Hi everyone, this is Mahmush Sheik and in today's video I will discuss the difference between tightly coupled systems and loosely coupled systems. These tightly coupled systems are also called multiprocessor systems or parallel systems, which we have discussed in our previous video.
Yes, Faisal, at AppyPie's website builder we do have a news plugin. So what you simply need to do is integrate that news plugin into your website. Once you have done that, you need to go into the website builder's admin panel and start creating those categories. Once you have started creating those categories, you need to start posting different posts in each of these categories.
--
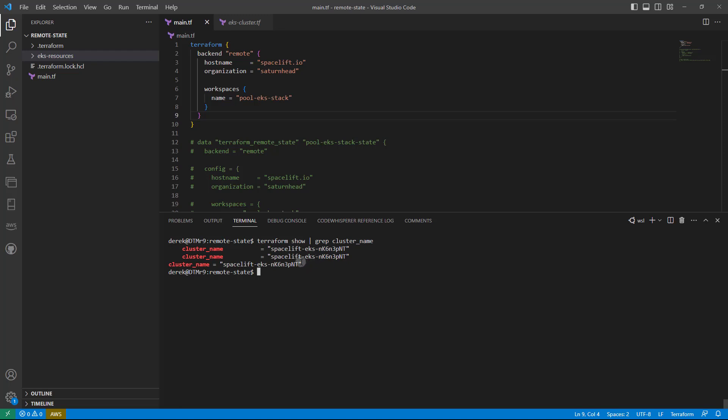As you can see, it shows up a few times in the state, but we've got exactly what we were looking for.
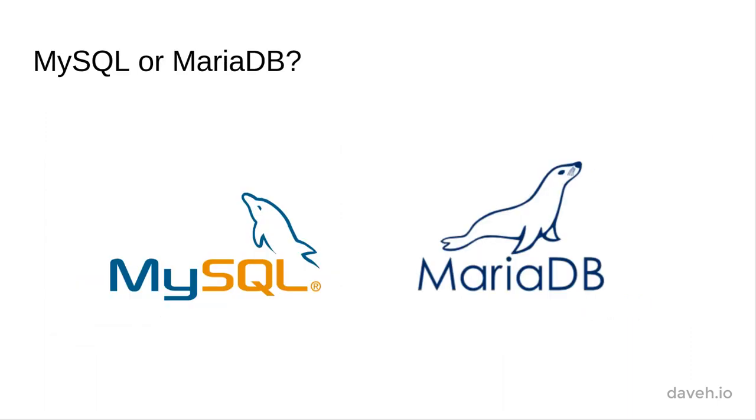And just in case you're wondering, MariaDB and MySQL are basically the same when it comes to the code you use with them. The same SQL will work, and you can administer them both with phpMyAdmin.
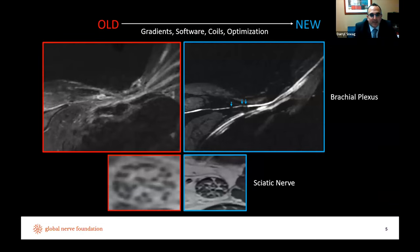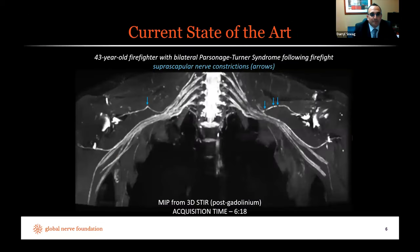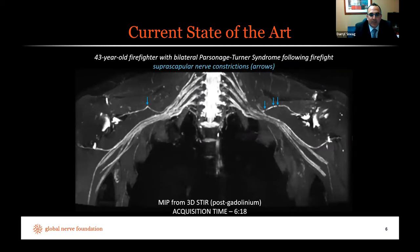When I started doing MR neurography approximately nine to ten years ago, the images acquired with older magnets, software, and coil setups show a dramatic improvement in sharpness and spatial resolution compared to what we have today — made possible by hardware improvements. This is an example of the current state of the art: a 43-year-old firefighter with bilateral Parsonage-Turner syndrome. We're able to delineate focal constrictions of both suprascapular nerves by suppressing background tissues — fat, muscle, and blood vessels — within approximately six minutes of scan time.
---
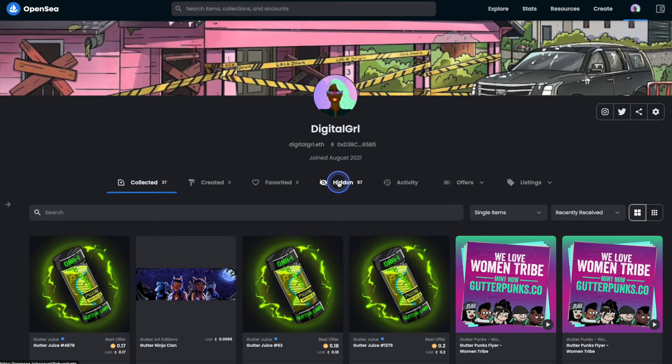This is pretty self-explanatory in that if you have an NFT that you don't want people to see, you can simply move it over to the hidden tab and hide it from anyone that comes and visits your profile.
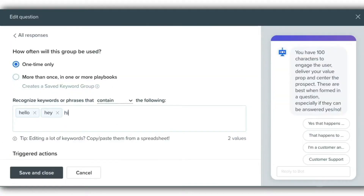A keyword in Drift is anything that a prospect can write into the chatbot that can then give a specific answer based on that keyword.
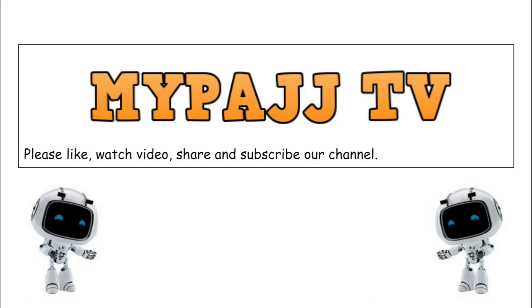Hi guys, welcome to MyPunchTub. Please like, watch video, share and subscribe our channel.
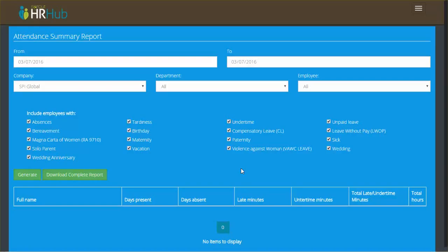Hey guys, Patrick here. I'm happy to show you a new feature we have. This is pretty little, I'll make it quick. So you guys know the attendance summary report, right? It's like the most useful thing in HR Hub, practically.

What is needed. From the material above, set down exactly the lines between the line holding "Hi everyone, this" and the line holding "Yes, Faisal, at", inclusive. Include nothing else.

Written reply.
Hi everyone, this is Mahmush Sheik and in today's video I will discuss the difference between tightly coupled systems and loosely coupled systems. These tightly coupled systems are also called multiprocessor systems or parallel systems, which we have discussed in our previous video.
Yes, Faisal, at AppyPie's website builder we do have a news plugin. So what you simply need to do is integrate that news plugin into your website. Once you have done that, you need to go into the website builder's admin panel and start creating those categories. Once you have started creating those categories, you need to start posting different posts in each of these categories.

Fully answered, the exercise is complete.